Há muito mais, contra todos nós, do que novos impostos e velhos impostos aumentados na medida provisória que foi o primeiro gesto presidencial de Lula em 2008. Esse retorno aos pacotes, abomináveis já no nome, realça um problema que se agrava sem, no entanto, merecer atenção alguma. São os procedimentos contrários às normas democráticas mas, com meras aparências de atos legais e muitas vezes nem isso, incorporados aos métodos de governo.
O motivo básico da extinção da CPMF foi o sentimento muito difundido, ao qual o Senado neste caso correspondeu, de que a carga de impostos estava pesada demais. Não foi aversão particular à CPMF, se bem que a renovação de sua provisoriedade fosse muito criticada. Foi o fato de vir dela a oportunidade de um corte na massa de impostos.
Tivemos, então, uma decisão do Poder Legislativo, por derrubada pelo Senado, como órgão revisor, da aprovação da Câmara a novo período de CPMF. E, implícita na derrubada, uma decisão coerente com a parte do país que tem a percepção, ou alguma informação, dos impostos que nos oneram. A votação na Câmara foi determinada pela obediência da maioria, a chamada "base aliada", à ordem do governo.
A decisão do Poder Legislativo, porém, não tem validade prática. O que extinguiu, com apoios ponderáveis na população, pode ser reposto pelo governo, sem mais exigência do que alguns artifícios, além do mais, vários deles de legalidade muito duvidosa. O Poder Legislativo só se justifica quando se sujeita ao governo?
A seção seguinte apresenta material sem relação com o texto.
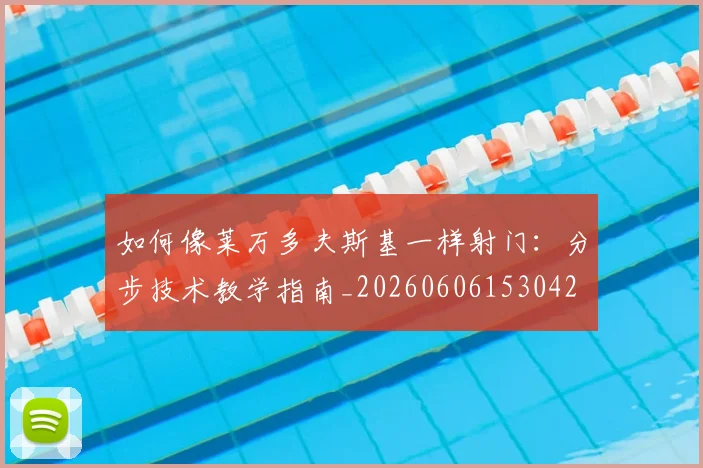 如何像莱万多夫斯基一样射门:分步技术教学指南_20260606153042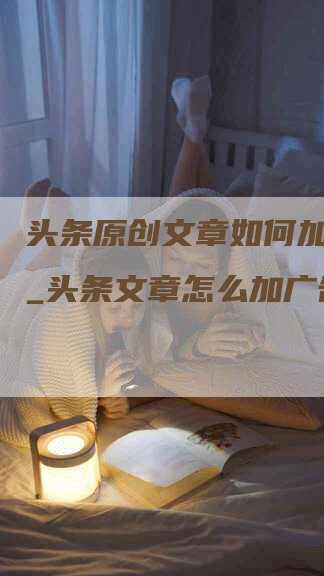 头条原创文章如何加广告__头条文章怎么加广告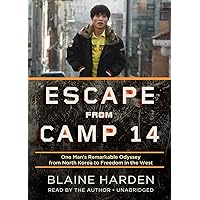 Escape from Camp 14: One Man's Remarkable Odyssey from North Korea to Freedom in the West Escape from Camp 14: One Man's Remarkable Odyssey from North Korea to Freedom in the West Audio CD Audible Audiobook Paperback Kindle Hardcover MP3 CD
Ou há algo de perigosamente errado aí ou não têm razão de ser o Congresso e as tumultuantes eleições de que resulta.
E como o governo se impõe? É, apenas, como governa o ano todo, todos os anos. Com a simplicidade de uma medida provisória. A partir de sua posse, Lula emitiu, em média, uma MP a cada quatro dias úteis. Conta que lhe dá o benefício de nem descontar, dentre os dias úteis, os dias em que esteve viajando e, portanto, não despachou na Presidência. Em relação a 2007, mesmo se lhe dermos o benefício de descontar apenas os seus dias de viagem, sem fazê-lo em relação aos fins de semana e feriados, a média de Lula fica em uma MP emitida a cada 3,5 dias.
Não sei como denominar esse sistema institucional. Mas democrático, por certo não é.

Além da conta
No palavrório sobre a perda e a recomposição orçamentária para este ano, por efeito da queda da CPMF, o governo está exagerando em uma coisa e outra, e os comentários o têm acompanhado. É da técnica tradicional dos governos brasileiros, na elaboração do Orçamento da União submetido ao Congresso, prever arrecadação inferior à de fato esperada. O governo Lula tem mostrado habilidade especial nesse truque. Com o qual é obtida a vantagem imediata de diminuir a voracidade dos parlamentares por alterações que os beneficiem e, como vantagem posterior, a colaboração de excedentes para os saldos anuais formidáveis.
Na lengalenga da perda e dos cortes, o velho expediente não se confunde com precaução, é truque mesmo. Inclusive porque o governo nem estaria obrigado a gastar as verbas destinadas pelo Orçamento, que é apenas autorizativo do que pode gastar se quiser.